Contextuado nuestro viaje de hoy, la visita y sus fijaciones de cualquier tipo, con las valoraciones pertinentes, pertenece a cada cual. El recorrido es muy gratificante y didáctico. La gran finca arbolada que rodea el edificio, con hermosos jardines –uno anota del Jardín francés y el Jardín de rosas-, invitan a la tranquilidad del paseo, con la presencia, por si acaso, de restaurantes y cafeterías. El interior provoca, al menos a quien relata ahora su propia visión, una sensación de lujo en su expresividad artística y ornamental, detrás de la que se esconde ese otro lujo que todos sabemos. Lujo y dispendio. Lujo y gula. Desenfreno del bon vivant.

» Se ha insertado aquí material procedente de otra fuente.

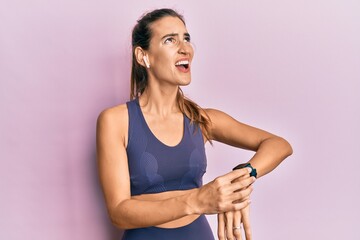 Young beautiful woman wearing gym clothes, using earphones and smart watch angry and mad screaming frustrated and furious, shouting with anger looking up.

Y anota de forma especial, aunque no exclusiva: la Sala dorada, un gran espacio y colorido con acabados en mármol artificial de color azul y rosa; la Sala blanca, la más grande, originariamente pensada para bailes de altísimo copete, con notables grabados y bajorrelieves; y las habitaciones privadas del duque y la duquesa, especialmente baño y dormitorio de esta última.

El viajero ha decidido regresar a Riga. El viaje es silencioso. Cuánto le gustaría –y se imagina algunos- conocer tantos secretos como se tejieron en estos espacios. Cuántas veces se queda uno con las ganas. Pero ya sabe, la imaginación tiene mucha libertad.